Note: Just warm the water to around blood temp (37.5 degrees). A simple test for this is to stick your elbow in – if it feels warm then the temperature is likely to be spot on. If the water feels hot on your elbow then let it cool a bit – just like testing best bath water temperature for babies! 

How to know when to use horn silica?

The beauty of biodynamics is that it actively encourages observation and intuition – in short, to develop your own gardener’s green fingers. As the saying goes, practice makes perfect. The more you practice this mindful way to garden, the more you will sense when to use our biodynamic activators and the more your own experience will guide you. Here are a few key pointers to help get you started.

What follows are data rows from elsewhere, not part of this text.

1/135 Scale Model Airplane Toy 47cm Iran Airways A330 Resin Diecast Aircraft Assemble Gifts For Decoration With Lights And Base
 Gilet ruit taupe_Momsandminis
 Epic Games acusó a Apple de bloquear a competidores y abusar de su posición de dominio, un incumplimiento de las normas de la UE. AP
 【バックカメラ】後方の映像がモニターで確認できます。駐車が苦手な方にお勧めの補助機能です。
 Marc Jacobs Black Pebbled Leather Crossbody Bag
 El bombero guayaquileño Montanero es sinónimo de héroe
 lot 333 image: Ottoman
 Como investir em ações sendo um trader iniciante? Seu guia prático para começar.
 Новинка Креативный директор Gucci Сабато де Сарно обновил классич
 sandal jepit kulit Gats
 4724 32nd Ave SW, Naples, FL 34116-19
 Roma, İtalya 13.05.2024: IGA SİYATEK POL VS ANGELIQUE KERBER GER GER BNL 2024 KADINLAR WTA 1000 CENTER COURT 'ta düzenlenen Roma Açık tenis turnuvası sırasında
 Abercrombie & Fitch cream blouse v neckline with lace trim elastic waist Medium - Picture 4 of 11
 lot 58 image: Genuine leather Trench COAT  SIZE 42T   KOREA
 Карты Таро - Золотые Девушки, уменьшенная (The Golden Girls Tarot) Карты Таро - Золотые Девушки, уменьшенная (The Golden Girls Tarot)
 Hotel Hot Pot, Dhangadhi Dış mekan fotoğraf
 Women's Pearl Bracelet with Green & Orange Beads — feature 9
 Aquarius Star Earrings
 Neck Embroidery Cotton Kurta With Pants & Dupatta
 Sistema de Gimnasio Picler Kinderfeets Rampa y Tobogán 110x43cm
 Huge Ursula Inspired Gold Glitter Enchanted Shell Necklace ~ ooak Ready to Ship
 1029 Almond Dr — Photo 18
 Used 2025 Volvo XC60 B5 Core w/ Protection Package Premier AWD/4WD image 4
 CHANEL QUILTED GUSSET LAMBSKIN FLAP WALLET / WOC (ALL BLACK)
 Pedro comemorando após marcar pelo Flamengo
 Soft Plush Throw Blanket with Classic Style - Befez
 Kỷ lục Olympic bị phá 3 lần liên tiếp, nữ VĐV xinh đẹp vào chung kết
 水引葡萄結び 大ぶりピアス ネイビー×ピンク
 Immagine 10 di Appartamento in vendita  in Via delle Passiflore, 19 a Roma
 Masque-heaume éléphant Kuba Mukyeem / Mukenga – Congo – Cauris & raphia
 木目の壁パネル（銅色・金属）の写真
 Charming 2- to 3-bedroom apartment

  • When plants are developing well but have not yet reached maturity. For example, it helps hearting up for lettuces; flowering and seed setting for peas and beans and other ‘fruiting’ plants; and root flavour for carrots when growing well
  • On fruit tree flowering and pre ‘June drop’
  • In a damp, cold spring or you feel there is a risk of mould; or use on flower and fruit days in the growing season to ‘push back’ damp, mould and fungal problems
  • In a damp summer
  • When plants seem not to be as healthy as they should be – leaf spots on fruit trees or roses etc.

Storing horn silica

Horn silica will keep indefinitely when stored correctly – dry, in a glass jar with the lid on in a bright place e.g. a window sill. Like all the biodynamic preparations, it’s sensitive and works in subtle ways,  so keep well away from strong electromagnetic forces (EMF) including mobiles, TV’s, fuse boxes, smart metres, routers, computers, sockets etc.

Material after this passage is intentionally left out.